Tenir la barque - Entre le poisson fumé, le poisson séché, le cymbium et les crevettes, les femmes de Ndeppe parviennent à tenir la barque. La caisse de sardinelle peut leur revenir entre 4 000 et 12 000 F selon les périodes d’abondance ou les temps de crise. Et les ventes se font en fonction de la marge bénéficiaire qu’elles cherchent à obtenir. «Toutes les femmes que vous voyez ici sont des chefs de famille. Elles soutiennent leurs époux dans les dépenses quotidiennes. La majorité d’entre nous payons nous-mêmes les frais de scolarité de nos enfants», fait savoir Astou Mbengue. Raison de plus pour revendiquer des «égards» dans l’élaboration d’un budget municipal qui, en 2017, s’est élevée à somme de 6 milliards 684 millions 305 495 F, dont 5 milliards 368 millions 969 378 F, en fonctionnement, et 1 milliard 315 millions 336 117 F CFA, en investissement. En somme les charges de l’institution municipale grèvent l’enveloppe et d’autres urgences paraissent plus importantes pour elle. En 2016, par exemple, quelque 100 millons de francs avaient été affectés à l’achèvement de la construction du stade Ngalandou Diouf.

Le Commissaire à la pêche de la mairie rejette cependant toute idée de désintéressement des femmes. «Je n’ai jamais vu une lettre ou une demande de soutien venant des femmes de Ndeppé adressée au maire, note El Hadji Malick Bâ. N’empêche, le maire est en train de mettre en place un système pour apporter un appui annuel à ces femmes. Nous travaillons à budgétiser ce montant. Parallèlement le ministère de la Pêche et de l’Economie maritime a initié un important projet de modernisation et de réhabilitation du site de Ndeppé. Ce qu’on essaie de faire, c’est encadrer les femmes pour leur permettre d’accéder aux financements pour développer leur activité et amplifier leurs revenus. Donc la mairie a la volonté, mais pour certaines choses il faut s’asseoir autour d’une table avec les concernés et en discuter ensemble.
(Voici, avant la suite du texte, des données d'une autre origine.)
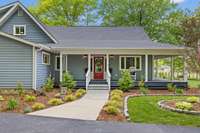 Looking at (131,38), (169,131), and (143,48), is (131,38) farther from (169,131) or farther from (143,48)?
(169,131)

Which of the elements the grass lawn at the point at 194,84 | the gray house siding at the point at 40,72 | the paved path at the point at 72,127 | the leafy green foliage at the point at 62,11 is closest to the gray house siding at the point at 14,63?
the gray house siding at the point at 40,72

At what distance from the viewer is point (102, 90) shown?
22.8 metres

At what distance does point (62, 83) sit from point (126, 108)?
9863 millimetres

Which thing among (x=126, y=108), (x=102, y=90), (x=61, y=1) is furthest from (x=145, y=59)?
(x=61, y=1)

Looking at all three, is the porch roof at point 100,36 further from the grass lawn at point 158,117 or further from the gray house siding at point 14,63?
the grass lawn at point 158,117

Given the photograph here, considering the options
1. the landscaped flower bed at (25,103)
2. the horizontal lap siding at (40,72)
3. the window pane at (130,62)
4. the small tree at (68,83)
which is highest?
the window pane at (130,62)

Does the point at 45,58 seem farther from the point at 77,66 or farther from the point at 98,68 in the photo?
the point at 98,68

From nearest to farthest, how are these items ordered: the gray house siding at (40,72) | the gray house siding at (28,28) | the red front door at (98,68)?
the gray house siding at (40,72), the gray house siding at (28,28), the red front door at (98,68)

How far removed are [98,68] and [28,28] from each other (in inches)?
243

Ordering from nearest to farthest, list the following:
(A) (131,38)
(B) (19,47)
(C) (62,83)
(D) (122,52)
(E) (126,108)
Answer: (E) (126,108) → (B) (19,47) → (C) (62,83) → (D) (122,52) → (A) (131,38)

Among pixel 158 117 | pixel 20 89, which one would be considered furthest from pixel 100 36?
pixel 158 117

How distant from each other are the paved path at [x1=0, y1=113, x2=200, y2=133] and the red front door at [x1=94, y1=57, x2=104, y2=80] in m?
15.5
J’avoue qu’auparavant il n’y avait pas d’actions à cause d’un manque de communication entre les Gie et la commune, mais les choses sont en train de s’arranger. Les femmes sont peut-être impatientes, mais les projets sont en cours, le maire est disposé à appuyer tous les acteurs de la pêche.»

Cela cependant des décennies que les femmes de Ndeppe s’activent dans cette aire de transformation qui attend toujours de trouver enfin l’attention qui lui permettrait de répondre à l’intensité des activités économiques qui s’y déroulent. Notamment pour ces centaines de femmes que les ressources halieutiques font vivre et qui, quelque part, font vivre Rufisque.